1. To start with update you apt repository list.
apt-get update
2. Search for available Nagios3 packages using the command given below
apt-cache search nagios3
3. Install only the below nagios3 packages and avoid the rest shown in the search
apt-get install nagios3 nagios3-common nagios3-core nagios3-doc check-mk-config-nagios3
4. Open a browser and type in server ip address followed by backlash Nagios to see the Nagios GUI.
http://192.168.8.115/nagios3
5. Username and Password pops up asking for credentials. Enter nagiosadmin as Username and Password:( password entered while installing the nagios3 packages in step 3)
Setting up services
Setting up NTP
Go to /etc/nagios-plugins/config, edit the ntp.cfg file and add these lines.
# 'check_ntp_ntpq' command definition
define command{
command_name check_ntp_time
command_line /usr/lib/nagios/plugins/check_ntp_time -H $ARG1$ -c $ARG2$ -w $ARG3$
}
Now go to /etc/nagios3/conf.d find and edit the localhost_nagios2.cfg file by adding these lines.
# Define a service to check the load on the local machine. define service{ use generic-service ; Name of service template to use
host_name localhost
service_description NTP Time Difference
check_command check_ntp_time!ntp.bict.lab!30!60
Check your configuration is correct using the following command. If you have any errors or warnings, resolve these before continuing
nagios3 –v /etc/nagios3/nagios.cfg
After all the changes have been made, restart Nagios by issuing this command
service nagios3 restart
Return to your Nagios monitoring webpage, and open the services section. Initially it will say that the check is pending, then after about a minute, it will update with the latest response data. Confirm that this service remains OK
Debian Updates
The Nagios Exchange (http://exchange.nagios.org) for the suitable plugin for checking the Debian server has all the latest security updates. Plugin is downloaded (check_debian_packages) and placed in the \usr\lib\nagios\plugins directory.

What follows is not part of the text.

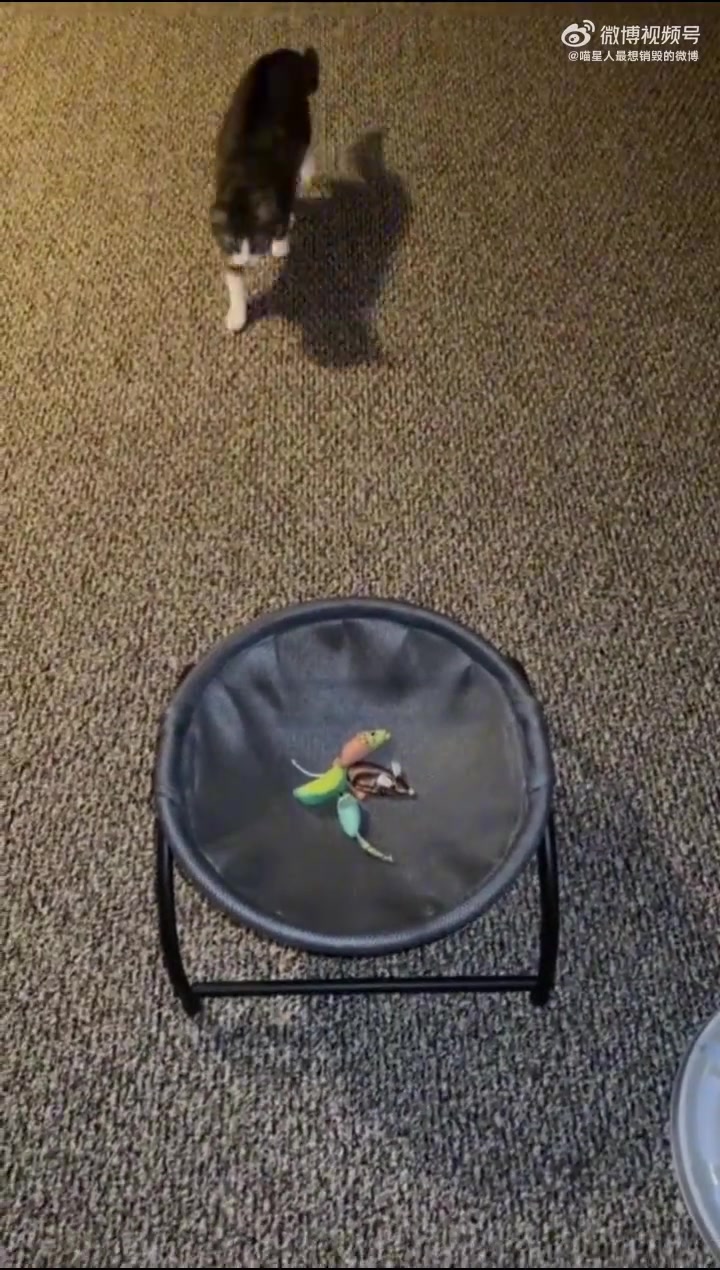 洁癖小猫清理小窝，手法出乎意料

Edit /etc/crontab add these lines
crontab -e
# Minute Hour Day of Month Month Day of Week Command
* 1 * * * apt-get update >> update
Next is install sudo.
apt-get install sudo
Add this line in /etc/sudoers
nagios ronald=NOPASSWD:/usr/lib/nagios/plugins/check_debian_packages
Now go to /etc/nagios3/conf.d find and edit the localhost_nagios2.cfg file by adding these lines. This checks Debian update service is running.

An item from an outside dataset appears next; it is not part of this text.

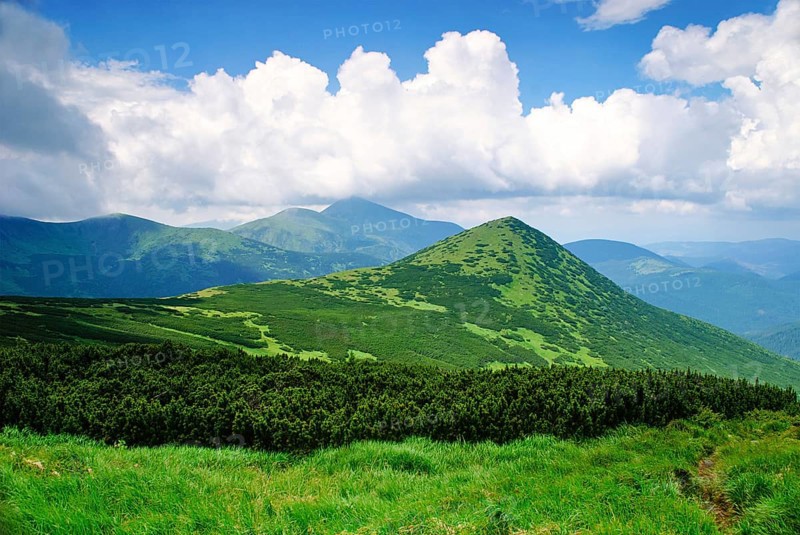 Pine bush in Carpathians witn clear blue sky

# Define a service to check the Debian package update
define service{
use generic-service ; Name of service template to use
host_name localhost
service_description Debian Updates
check_command check_debian_packages
}
After all the changes have been made, restart Nagios by issuing this command
service nagios3 restart
Bind9
Create a file named check_bind.sh in /usr/lib/nagios/plugins and make it executable. Add the following lines to the script.
#!/bin/bash
STATUS=`service bind9 status`
if [ "$STATUS" = "bind9 is running." ] && [ "$?" = "0" ];
then
echo "$STATUS"
exit 0
else
echo "$STATUS"
exit 2
fi
Do this command to make it executable.
chmod +x check_bind.sh
Now go to /etc/nagios3/conf.d find and edit the localhost_nagios2.cfg file by adding these lines. This checks Bind9 service is running.
# Define a service to check that BIND9 is working
define service{
use generic-service ; Name of service template to use
host_name localhost
service_description BIND9
check_command check_bind.sh
}
After all the changes have been made, restart Nagios by issuing this command
service nagios3 restart
Check DNS
The plugin (check_dns) is in the /usr/lib/nagios/plugins. Adding the below mentioned lines in the dns.cfg file which is in the /etc/nagios-plugins/config .
# 'check_dns' command definition
define command{
command_name check_dns_hostname
command_line /usr/lib/nagios/plugins/check_dns -H '$ARG1$'
}
# 'check_dns' command definition
define command{
command_name check_dns_hostname_IP
command_line /usr/lib/nagios/plugins/check_dns -H '$ARG1$' -a '$ARG2$'
Now go to /etc/nagios3/conf.d find and edit the localhost_nagios2.cfg file by adding these lines. This checks DNS hostname and IP address checks are done.
define service{
use generic-service ; Name of service template to use
host_name localhost
service_description DNS Hostname
check_command check_dns_hostname!_ldap._tcp.patan.t311
}
# Define a service to check the DNS hostname and IP Address
define service{
use generic-service ; Name of service template to use
host_name localhost
service_description DNS Hostname and IP Address
check_command check_dns_hostname_IP!gc._msdcs.patan.t311!192.168.8.115
}
After all the changes have been made, restart Nagios by issuing this command
service nagios3 restart
Return to your Nagios monitoring webpage, and open the services section. Initially it will say that the check is pending, then after about a minute, it will update with the latest response data. Confirm that this service remains OK
Nagios Notifications (Enable Outbound Email)
Run the command
dpkg-reconfigure exim4-config
Accept all the default values except the three mentioned below.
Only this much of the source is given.